**WHAT THIS TASK INVOLVES:** In the entries below, find the line with "Hello, Waxman Legacy" and the line with "For example, if"; copy them and every line between them exactly, but not the pictures.
SOURCE DATA below:
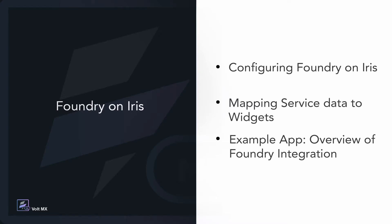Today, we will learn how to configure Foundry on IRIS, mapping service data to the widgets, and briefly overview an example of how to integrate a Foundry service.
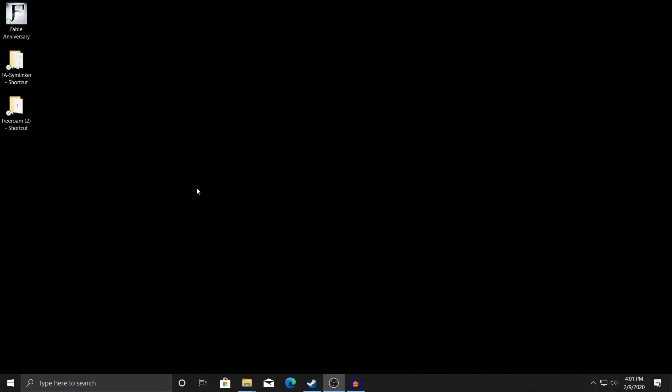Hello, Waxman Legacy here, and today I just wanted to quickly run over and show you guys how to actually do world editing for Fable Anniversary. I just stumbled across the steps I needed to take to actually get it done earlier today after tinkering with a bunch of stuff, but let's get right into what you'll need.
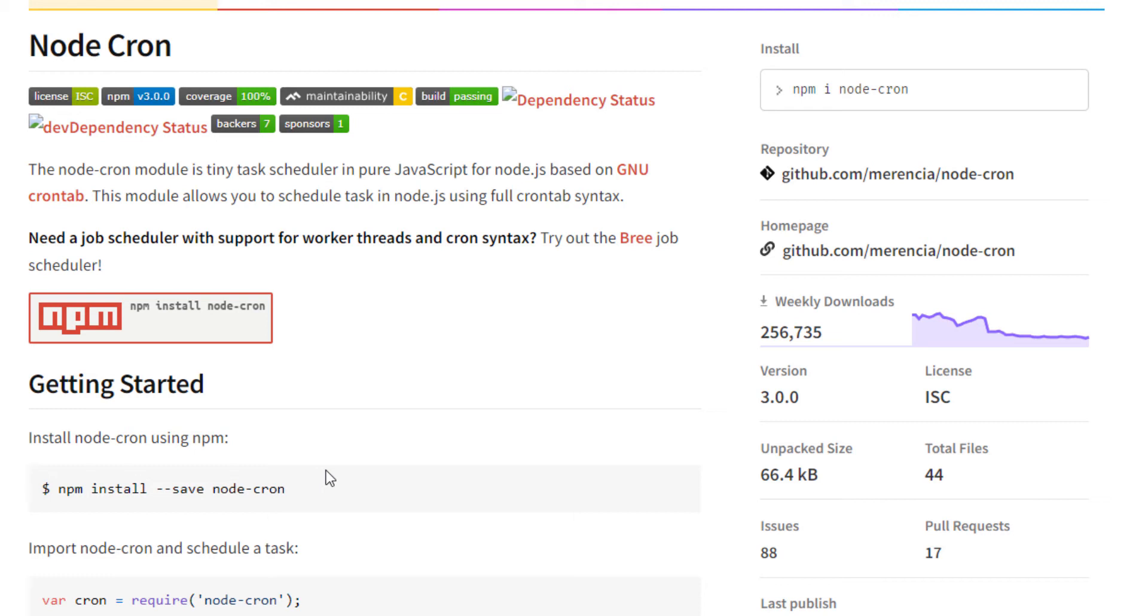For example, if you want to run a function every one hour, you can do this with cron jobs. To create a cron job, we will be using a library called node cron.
End of SOURCE DATA.
SOURCE DATA below:
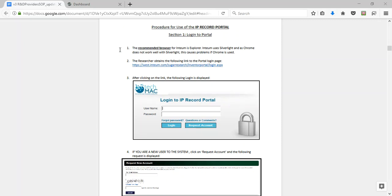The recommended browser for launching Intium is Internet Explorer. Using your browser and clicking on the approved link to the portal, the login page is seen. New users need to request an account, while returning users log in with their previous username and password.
End of SOURCE DATA.
SOURCE DATA below:
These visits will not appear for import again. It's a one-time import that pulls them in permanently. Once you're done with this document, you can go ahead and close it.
End of SOURCE DATA.
**ANSWER BOX:**
Hello, Waxman Legacy here, and today I just wanted to quickly run over and show you guys how to actually do world editing for Fable Anniversary. I just stumbled across the steps I needed to take to actually get it done earlier today after tinkering with a bunch of stuff, but let's get right into what you'll need.
For example, if you want to run a function every one hour, you can do this with cron jobs. To create a cron job, we will be using a library called node cron.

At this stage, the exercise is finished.